An international team of Spanish paleontologists and Natural History Museum of Los Angeles Director of the Dinosaur Institute, Dr Luis M Chiappe, studied the exceptionally preserved wing of a 125-million-year-old bird found in limestone in Las Hoyas, central Spain.
As well as the bones seen in the fossil, the tiny wing of this ancient bird reveals details of a complex network of muscles that, in modern birds, controls the adjustments of the wing’s main feathers, which allow birds to fly with precision.
“The anatomical match between the muscle network preserved in the fossil and those that characterise the wings of living birds strongly indicates that some of the earliest birds were capable of aerodynamic prowess like many present-day birds,” said Dr Chiappe, the investigation’s senior scientist.

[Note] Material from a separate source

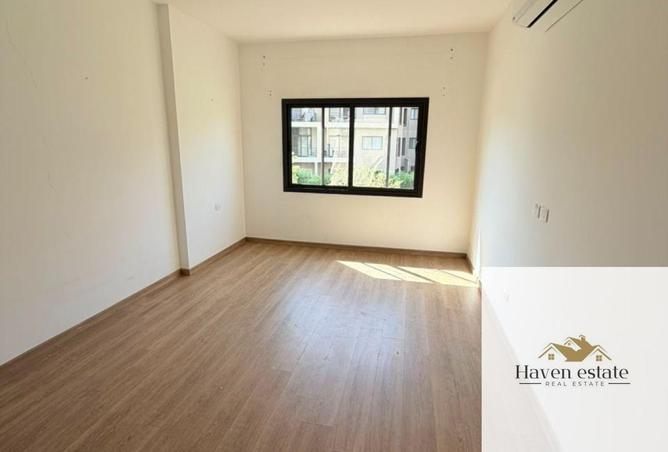85327147 - Property Image 3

“It is very surprising that despite being skeletally quite different from their modern counterparts, these primitive birds show striking similarities in their soft anatomy,” said Guillermo Navalón, a doctorate candidate at the University of Bristol in the United Kingdom and lead author of the report.
“The new fossil provides us with a unique glimpse into the anatomy of the wing of the birds that lived amongst some of the largest dinosaurs,” said Chiappe. “Fossils such as this are allowing scientists to dissect the most intricate aspects of the early evolution of the flight of birds.”